Some aspects, however, have been rather more unexpected.

With the wife taking on all of the night feeding duties and short of sleep during the day, I have found certain daily tasks being passed over to me.

Not difficult jobs, but things I just don’t normally do much of – like cooking and cleaning.

I know the modern man is supposed to be able to take everything in his stride and do the lot, but truth be told I’ve never really considered myself one of those.

The most challenging of these tasks has been the supermarket shop, especially with lots of new items on the shopping list as requested by the wife.

In recent weeks, I have visited aisles in supermarkets that I didn’t even know existed.

Talk about being taken out of your comfort zone. One particular incident saw me walking around the baby section of Tesco’s for around half an hour, desperately not wanting to ask the question; “Excuse me, do you know where the nipple shields are?”

When I eventually succumbed to enquiring, the woman displayed great professionalism by barely looking at my ever-reddening face and took me immediately to the offending article. At least the wife was pleased when I got home.

She wasn’t so pleased when I returned home with a pack of incontinence pads when I was supposed to purchase a regular feminine care product. As I said, well out of my comfort zone.

I have also had to learn how to operate around the house in near silence when doing chores, as I can never be exactly sure if a) Elizabeth is sleeping, b) the wife is, or c) they both are.

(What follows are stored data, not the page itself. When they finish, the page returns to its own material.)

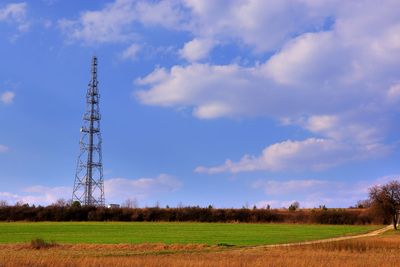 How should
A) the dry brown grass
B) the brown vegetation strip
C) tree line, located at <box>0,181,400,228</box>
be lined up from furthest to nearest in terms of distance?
1. tree line, located at <box>0,181,400,228</box>
2. the dry brown grass
3. the brown vegetation strip

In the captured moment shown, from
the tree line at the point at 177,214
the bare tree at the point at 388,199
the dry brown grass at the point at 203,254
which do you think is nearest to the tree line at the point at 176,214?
the tree line at the point at 177,214

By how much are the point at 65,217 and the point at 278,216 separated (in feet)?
150

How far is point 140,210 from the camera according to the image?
12744cm

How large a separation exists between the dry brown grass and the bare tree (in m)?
37.1

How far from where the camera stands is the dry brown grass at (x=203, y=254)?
23500mm

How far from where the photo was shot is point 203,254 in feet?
116

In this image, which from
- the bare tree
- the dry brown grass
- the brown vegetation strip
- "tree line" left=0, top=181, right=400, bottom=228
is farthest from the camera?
"tree line" left=0, top=181, right=400, bottom=228

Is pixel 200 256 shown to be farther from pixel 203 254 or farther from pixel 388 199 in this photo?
pixel 388 199

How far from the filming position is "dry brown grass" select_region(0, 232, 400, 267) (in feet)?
77.1

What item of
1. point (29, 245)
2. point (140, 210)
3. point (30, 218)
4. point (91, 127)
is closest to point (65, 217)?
point (30, 218)

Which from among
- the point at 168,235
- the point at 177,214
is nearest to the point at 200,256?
the point at 168,235

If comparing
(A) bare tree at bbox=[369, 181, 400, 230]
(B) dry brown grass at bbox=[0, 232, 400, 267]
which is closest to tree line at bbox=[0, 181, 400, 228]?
(A) bare tree at bbox=[369, 181, 400, 230]

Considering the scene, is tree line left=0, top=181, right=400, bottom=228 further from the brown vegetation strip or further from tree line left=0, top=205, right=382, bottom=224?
the brown vegetation strip

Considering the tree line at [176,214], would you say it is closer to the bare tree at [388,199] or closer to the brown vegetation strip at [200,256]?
the bare tree at [388,199] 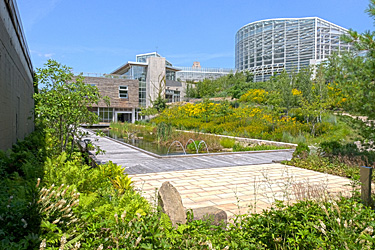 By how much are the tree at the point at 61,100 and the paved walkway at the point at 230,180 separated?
0.63 meters

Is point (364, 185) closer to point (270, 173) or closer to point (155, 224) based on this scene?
point (155, 224)

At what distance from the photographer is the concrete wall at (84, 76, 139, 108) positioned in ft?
118

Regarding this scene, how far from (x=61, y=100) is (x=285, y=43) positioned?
263 ft

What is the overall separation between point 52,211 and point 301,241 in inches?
79.1

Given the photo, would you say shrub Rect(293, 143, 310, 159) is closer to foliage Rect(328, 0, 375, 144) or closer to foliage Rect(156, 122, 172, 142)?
foliage Rect(328, 0, 375, 144)

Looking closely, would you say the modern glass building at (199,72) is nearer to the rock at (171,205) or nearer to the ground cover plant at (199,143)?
the ground cover plant at (199,143)

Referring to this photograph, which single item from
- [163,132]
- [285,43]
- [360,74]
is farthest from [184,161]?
[285,43]

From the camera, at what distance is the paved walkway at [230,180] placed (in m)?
4.32

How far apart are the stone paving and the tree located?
1677mm

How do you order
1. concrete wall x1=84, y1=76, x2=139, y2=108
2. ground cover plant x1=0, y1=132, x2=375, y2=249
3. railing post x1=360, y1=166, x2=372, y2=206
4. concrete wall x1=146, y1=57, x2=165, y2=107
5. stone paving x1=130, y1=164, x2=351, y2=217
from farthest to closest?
concrete wall x1=146, y1=57, x2=165, y2=107 → concrete wall x1=84, y1=76, x2=139, y2=108 → stone paving x1=130, y1=164, x2=351, y2=217 → railing post x1=360, y1=166, x2=372, y2=206 → ground cover plant x1=0, y1=132, x2=375, y2=249

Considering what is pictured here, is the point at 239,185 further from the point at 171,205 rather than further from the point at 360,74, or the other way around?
the point at 360,74

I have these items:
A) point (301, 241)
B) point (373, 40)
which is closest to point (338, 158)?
point (373, 40)

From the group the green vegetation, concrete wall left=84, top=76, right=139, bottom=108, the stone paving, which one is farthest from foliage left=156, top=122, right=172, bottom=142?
concrete wall left=84, top=76, right=139, bottom=108

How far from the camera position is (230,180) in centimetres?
596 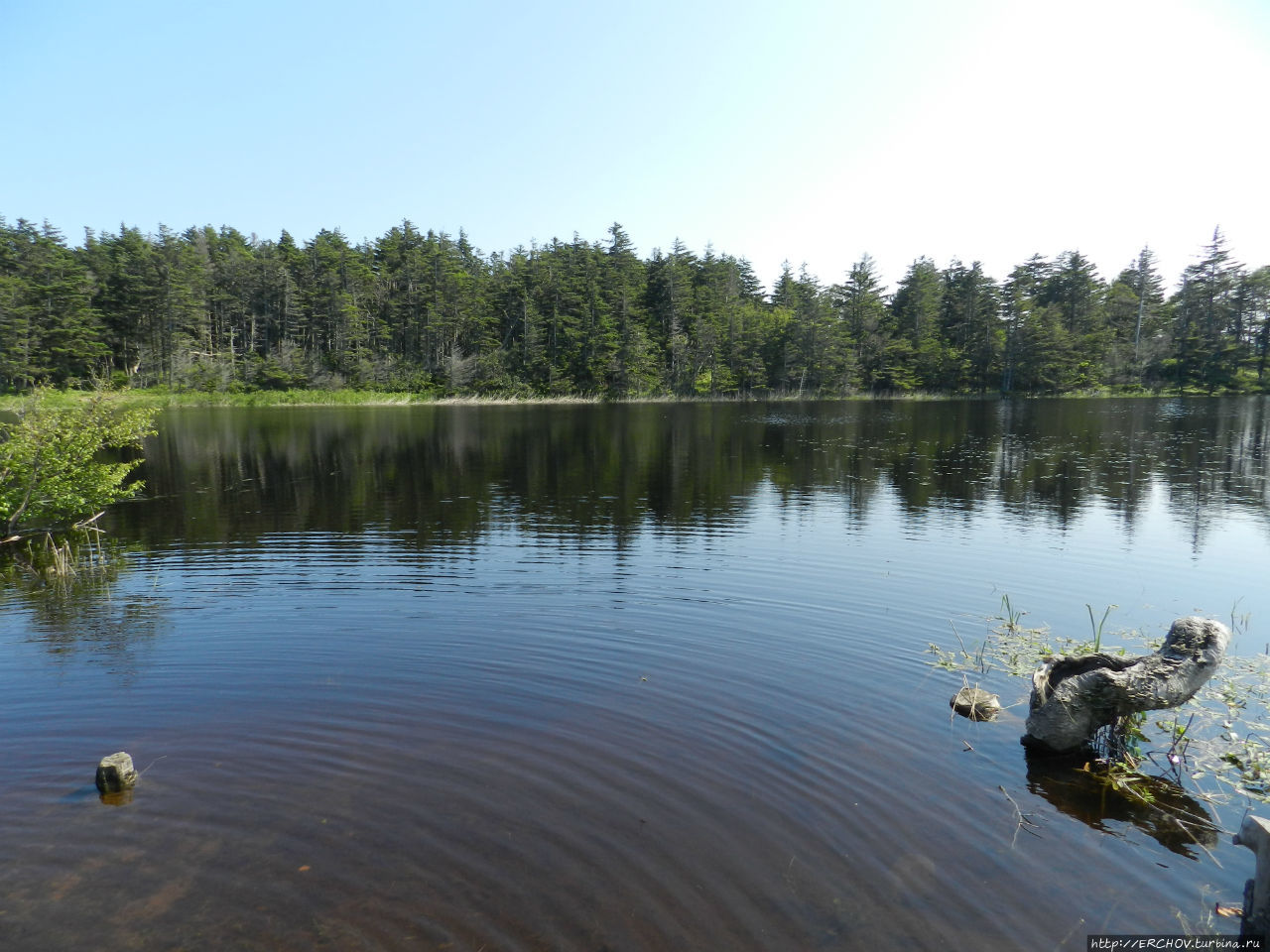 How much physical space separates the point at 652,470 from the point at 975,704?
81.8 feet

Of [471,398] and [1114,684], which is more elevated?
[471,398]

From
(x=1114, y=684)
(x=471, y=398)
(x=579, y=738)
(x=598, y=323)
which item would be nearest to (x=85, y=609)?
(x=579, y=738)

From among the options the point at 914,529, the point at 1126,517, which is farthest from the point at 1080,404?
the point at 914,529

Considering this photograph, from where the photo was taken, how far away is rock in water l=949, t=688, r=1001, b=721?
895 centimetres

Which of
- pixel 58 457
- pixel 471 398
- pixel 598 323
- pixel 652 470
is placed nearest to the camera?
pixel 58 457

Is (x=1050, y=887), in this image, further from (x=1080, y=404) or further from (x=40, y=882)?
(x=1080, y=404)

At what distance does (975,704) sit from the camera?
355 inches

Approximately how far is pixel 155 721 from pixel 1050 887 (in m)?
9.88

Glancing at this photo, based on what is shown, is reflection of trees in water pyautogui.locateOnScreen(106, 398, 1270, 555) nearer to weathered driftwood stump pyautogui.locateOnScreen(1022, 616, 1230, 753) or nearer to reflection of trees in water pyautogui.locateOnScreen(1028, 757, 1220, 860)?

For the record, awakening options B or C normally illicit the worst response.

It’s one of those strange things in life that the harder you try to be quiet, the more noise you end up creating. Simply making a cup of tea in a deathly silent house leaves me sounding like a bull in a china shop.

So the early days of fatherhood have seen me become a lot lighter on my feet and handier in the kitchen. “Could you ask for anymore?” I put to the wife.

Her response could not be printed.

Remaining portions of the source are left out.